Mrs. Nees's Views
By Ally Reardon and Sarah Moseson


Nees_Mrs.jpg

Mrs. Nees is head of the InDeCoRe program for the lower school. We had a chance to sit down and ask her some questions.

Ally: From a teacher's point of view, do you see the core values being reinforced at school?
Mrs. Nees: Yes, I think the children are helped by the Pros board. In February when the first graders were kind they would get hearts. The kids got excited when they counted up how many hearts they received.
Sarah: What do you think is the most important InDeCoRe value?
Mrs. Nees: I think it would be responsibility because that means you are doing the right thing at the right time.
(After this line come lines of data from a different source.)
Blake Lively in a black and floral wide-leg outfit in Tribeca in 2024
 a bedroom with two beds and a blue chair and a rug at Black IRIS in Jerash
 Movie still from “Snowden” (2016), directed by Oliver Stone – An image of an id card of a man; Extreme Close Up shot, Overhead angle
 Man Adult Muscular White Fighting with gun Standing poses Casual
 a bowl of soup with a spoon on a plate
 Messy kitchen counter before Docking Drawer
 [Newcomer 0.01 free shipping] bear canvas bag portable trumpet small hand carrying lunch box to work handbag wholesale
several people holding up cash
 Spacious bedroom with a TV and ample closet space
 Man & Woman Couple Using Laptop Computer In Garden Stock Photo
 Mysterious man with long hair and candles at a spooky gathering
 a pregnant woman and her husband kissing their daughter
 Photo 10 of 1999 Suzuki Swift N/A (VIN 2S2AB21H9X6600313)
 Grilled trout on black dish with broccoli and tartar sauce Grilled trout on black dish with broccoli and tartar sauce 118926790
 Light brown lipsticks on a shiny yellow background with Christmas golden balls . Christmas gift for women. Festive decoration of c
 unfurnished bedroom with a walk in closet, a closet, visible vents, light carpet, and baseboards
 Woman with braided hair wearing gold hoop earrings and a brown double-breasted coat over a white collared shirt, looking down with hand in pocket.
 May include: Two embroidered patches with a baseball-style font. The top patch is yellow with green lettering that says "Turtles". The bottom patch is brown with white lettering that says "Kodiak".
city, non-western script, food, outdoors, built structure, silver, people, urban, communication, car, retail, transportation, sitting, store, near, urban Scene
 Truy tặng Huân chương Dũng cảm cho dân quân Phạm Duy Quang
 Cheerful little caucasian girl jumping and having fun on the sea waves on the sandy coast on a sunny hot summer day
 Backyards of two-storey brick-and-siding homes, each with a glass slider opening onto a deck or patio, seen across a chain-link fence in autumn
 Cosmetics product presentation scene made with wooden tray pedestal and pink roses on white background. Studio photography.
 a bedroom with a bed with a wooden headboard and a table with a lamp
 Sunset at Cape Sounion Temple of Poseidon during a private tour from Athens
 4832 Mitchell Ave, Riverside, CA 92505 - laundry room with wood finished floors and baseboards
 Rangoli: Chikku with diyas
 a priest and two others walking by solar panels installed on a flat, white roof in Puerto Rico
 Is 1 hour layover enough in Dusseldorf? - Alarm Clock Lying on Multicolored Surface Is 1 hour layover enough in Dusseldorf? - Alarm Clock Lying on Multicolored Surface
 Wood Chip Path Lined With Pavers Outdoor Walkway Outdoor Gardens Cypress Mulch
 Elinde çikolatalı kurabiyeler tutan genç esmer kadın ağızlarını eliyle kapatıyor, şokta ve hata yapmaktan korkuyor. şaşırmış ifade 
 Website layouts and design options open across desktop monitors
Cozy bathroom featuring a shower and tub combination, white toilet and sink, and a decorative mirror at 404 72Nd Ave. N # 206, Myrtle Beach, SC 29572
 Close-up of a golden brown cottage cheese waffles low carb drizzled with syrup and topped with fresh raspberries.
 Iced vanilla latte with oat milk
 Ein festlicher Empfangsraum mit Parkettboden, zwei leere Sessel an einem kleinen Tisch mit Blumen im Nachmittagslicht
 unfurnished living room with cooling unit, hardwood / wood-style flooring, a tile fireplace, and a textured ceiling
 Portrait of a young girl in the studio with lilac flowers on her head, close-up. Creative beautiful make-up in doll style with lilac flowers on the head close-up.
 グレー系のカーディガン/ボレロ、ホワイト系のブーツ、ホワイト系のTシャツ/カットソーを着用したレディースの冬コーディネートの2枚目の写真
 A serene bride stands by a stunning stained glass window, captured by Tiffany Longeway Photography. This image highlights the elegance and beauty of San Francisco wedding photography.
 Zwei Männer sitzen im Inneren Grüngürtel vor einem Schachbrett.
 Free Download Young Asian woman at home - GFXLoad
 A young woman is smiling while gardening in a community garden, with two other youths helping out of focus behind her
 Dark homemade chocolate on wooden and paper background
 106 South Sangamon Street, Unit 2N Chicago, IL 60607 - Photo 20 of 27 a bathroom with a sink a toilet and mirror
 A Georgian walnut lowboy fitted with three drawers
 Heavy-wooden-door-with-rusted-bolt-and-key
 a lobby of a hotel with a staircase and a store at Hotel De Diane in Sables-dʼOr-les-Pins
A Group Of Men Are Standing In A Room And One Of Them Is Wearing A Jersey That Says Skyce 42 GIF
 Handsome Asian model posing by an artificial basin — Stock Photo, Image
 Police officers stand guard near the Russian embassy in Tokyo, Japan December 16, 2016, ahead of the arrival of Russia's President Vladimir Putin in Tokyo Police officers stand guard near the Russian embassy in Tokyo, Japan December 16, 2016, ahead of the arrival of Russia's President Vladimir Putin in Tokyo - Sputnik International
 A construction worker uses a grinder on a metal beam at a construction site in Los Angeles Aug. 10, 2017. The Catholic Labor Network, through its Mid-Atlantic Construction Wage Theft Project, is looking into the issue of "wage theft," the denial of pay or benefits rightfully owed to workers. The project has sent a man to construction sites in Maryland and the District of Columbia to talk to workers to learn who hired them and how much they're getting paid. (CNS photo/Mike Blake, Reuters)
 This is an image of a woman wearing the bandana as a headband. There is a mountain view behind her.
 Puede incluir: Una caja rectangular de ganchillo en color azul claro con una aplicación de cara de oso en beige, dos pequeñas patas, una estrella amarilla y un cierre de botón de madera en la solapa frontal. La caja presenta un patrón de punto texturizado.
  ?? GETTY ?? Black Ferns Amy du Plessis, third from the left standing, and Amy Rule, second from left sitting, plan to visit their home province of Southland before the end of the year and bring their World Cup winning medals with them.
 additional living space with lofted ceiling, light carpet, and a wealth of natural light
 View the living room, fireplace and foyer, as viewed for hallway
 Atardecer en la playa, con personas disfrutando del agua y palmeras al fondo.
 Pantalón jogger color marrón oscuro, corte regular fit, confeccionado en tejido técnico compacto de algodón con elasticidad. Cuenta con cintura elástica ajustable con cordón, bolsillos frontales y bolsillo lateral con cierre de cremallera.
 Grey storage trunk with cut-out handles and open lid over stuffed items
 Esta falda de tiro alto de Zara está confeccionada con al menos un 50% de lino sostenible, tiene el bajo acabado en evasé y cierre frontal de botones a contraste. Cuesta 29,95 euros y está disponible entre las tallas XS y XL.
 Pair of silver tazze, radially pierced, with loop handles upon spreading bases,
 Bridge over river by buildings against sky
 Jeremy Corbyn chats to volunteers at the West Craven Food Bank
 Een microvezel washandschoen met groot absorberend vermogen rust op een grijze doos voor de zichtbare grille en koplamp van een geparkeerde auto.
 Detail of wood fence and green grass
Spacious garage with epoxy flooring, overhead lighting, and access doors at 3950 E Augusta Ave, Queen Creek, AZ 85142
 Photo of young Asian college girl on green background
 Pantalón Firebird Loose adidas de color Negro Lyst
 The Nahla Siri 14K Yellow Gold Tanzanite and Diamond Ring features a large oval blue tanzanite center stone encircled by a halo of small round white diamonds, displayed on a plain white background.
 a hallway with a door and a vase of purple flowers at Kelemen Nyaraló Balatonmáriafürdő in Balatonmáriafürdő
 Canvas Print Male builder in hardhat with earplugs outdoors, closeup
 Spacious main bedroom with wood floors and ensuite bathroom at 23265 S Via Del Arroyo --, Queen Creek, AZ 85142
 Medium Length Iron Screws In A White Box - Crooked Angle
Then you are basically using all the values.
Ally: Do you think the InDeCoRe program has room for improvement?
Mrs. Nees: Yes, everything has room for improvement.
Sarah: Why do you think the InDeCoRe program is important to have at Peck?
Mrs. Nees: I think it is important to have at Peck because being smart and having a good education will only get you so far, being a good person will carry you through life.
Ally: Why are you helping InDeCoRe grow?
Mrs. Nees: I believe in it. I think it is important. I also think it is easier to develop good character traits when you are young.
Sarah: Why are honesty, perseverance, loyalty, respect, responsibility, and empathy the InDeCoRe values we have at Peck?
Mrs. Nees: We call those words the big umbrella values. A lot of values come under them.
Ally: Why do you think bullying needs so much attention?
Mrs. Nees: School should be a safe place. Students need a to feel safe to learn. If students can deal with bullies on their own then they can help control the safety of their school.
Ally: Why do you think Kairos night is important to our school?
Mrs. Nees: We are so busy in our home lives and in our school lives. Sometimes we lose sight of what’s most important and that’s family.
Sarah: What is the reason for having Table Talk Tuesday?
Mrs. Nees: When you put a teacher and eight students from four different grades together they do not always have a lot in common. Table Talk Tuesday acts as a conversation starter.
Sarah: How do you get the ideas for the questions for Table Talk Tuesday?
Mrs. Nees: We’ve asked for suggestions from teachers and upper school students. Some of the ideas come from a deck of conversation starter cards. Sometimes things come up in the classroom that are interesting to talk about.